With one of Stone’s co-founders inspired and in love with the Enjoy By beer, the series was born, however there was a significant problem. How would the brewery ramp up the amount for a national release? Gonzalez tried changing the recipe ever so slightly and taking down the amount of those New Zealand hops but, as the brewer admits, the beer “just didn’t pop the same way.” Instead, he added other new school hops from the United States for a total of 12 hop varieties.
Each of the beers in the series are similar, checking in at 9.4 percent ABV and 90 IBUs, with Gonzalez and his crew adding subtle nuances to select batches. The most recent iteration, Enjoy By 07.04.20 was an Unfiltered IPA, offering drinkers the series-standard 37 days to get their hands on it. The hop-loaded, dry and intensely tropical beer followed a previous iteration on April 20 – better known as Weed Day – as well as special releases celebrating New Year’s Day and Halloween. But how does the beer producer decide what dates are worthy of an Enjoy By release?
“We know [Fourth of July] is a big beer drinking weekend for people and they want something special and then kind of the American flag cans just look really sharp,” he said. “We looked at doing some more obscure holidays for small releases. We were thinking about doing a Texas-only release, at one point, that was for Texas Independence Day. It never happened. I think International Cat Day was one that got thrown around for a while, like just for the fun of it. I worked on that prototype with catnip, believe it or not, in the beer – which is in the mint family.”
Prototypes are part of Gonzalez’s everyday life, constructing typically five new recipes a week for Stone’s various upcoming trials. Those recipes have also included some interesting takes for the Enjoy By series, including a gunpowder tea IPA and a chocolate and coffee IPA. The latter was created on the popularity of Mocha IPA, which was a 9.0 percent ABV IPA that had some of the faint characteristics of a Stout. But even with all the experimenting, Gonzalez knows what flavor works best for the series.

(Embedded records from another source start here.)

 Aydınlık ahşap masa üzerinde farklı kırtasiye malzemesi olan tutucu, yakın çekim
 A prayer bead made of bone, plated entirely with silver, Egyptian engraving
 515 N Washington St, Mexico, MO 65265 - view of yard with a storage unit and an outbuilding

“Citrus is, for me, always kind of an easy pairing with a lot of these hop varieties. The hop varieties in Enjoy By are very citrusy anyway, so there’s a lot of synergy there. I just like citrus in all beers and the tangerine is still probably the most popular variant.”
From brainstorming to hitting store shelves takes four to eight months. Gonzalez and his crew work on a six-barrel system at the pilot brewery and, he claims, it offers about a 95 percent certainty. Sometimes ideas are spurred from gaps in the company’s portfolio and other times from popular fan feedback. Making each beer in the series conform with the same technical components for alcohol volume and bitterness isn’t too challenging, thanks to an addition of dextrose in the fermentation. Brewing typically starts two to three weeks ahead of packaging and once it’s packaged, it’s in stores the next day. That isn’t always an easy task, with the series reaching 50 states and several countries, but freshness is top priority.

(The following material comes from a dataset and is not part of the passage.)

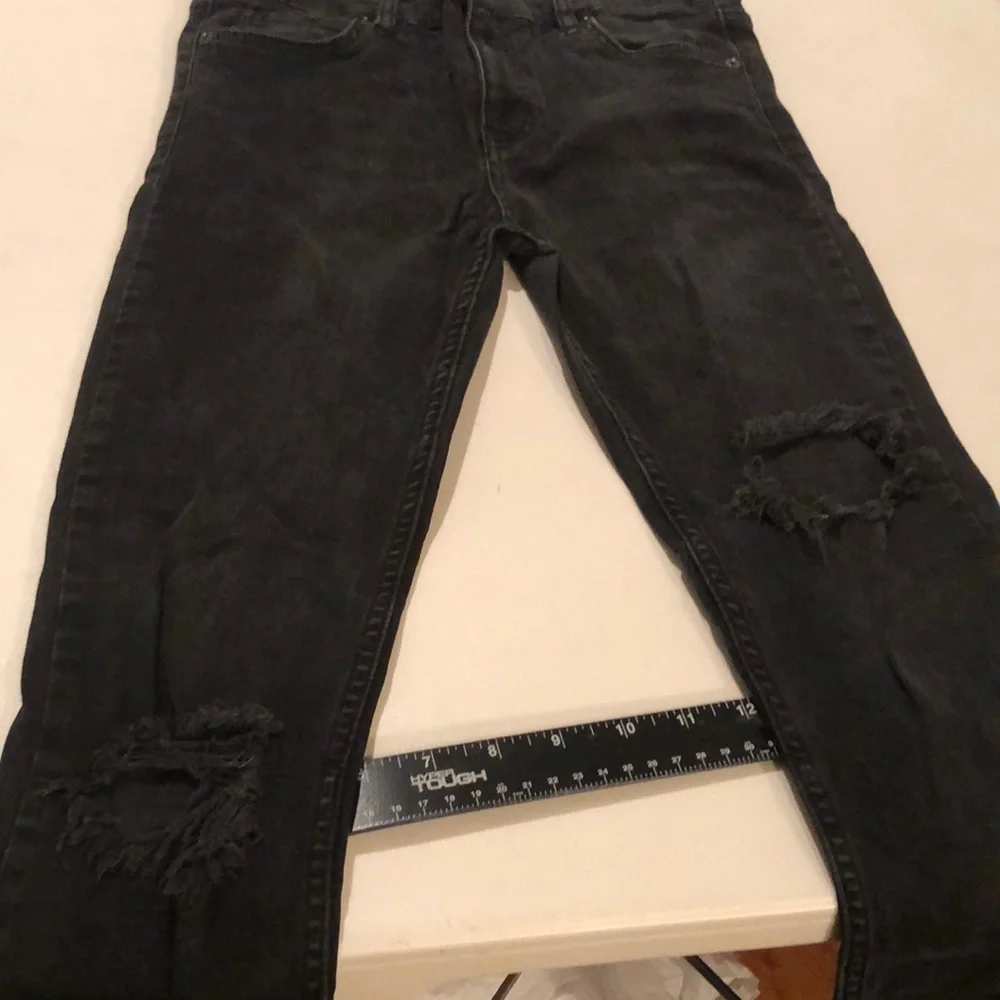 Free People size 27 Black Wash skinny jeans distressed with raw hem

It doesn’t matter if it’s California or Australia, the goal is getting it to drinkers fast.
“One of the really fun things is we want to sell it in Australia and it’s like, ‘Well it takes a long time to get our beer to Australia,’” Gonzalez chuckled. “We now air-freight it to Australia, so they can actually get it on the same day it releases in this country.”
As for what will be the next beer to grace the Enjoy By series, well Gonzalez was pretty tight-lipped on the subject, though he hinted at potentially new fruited variants as well as some recent trials to try and make a hazy effort.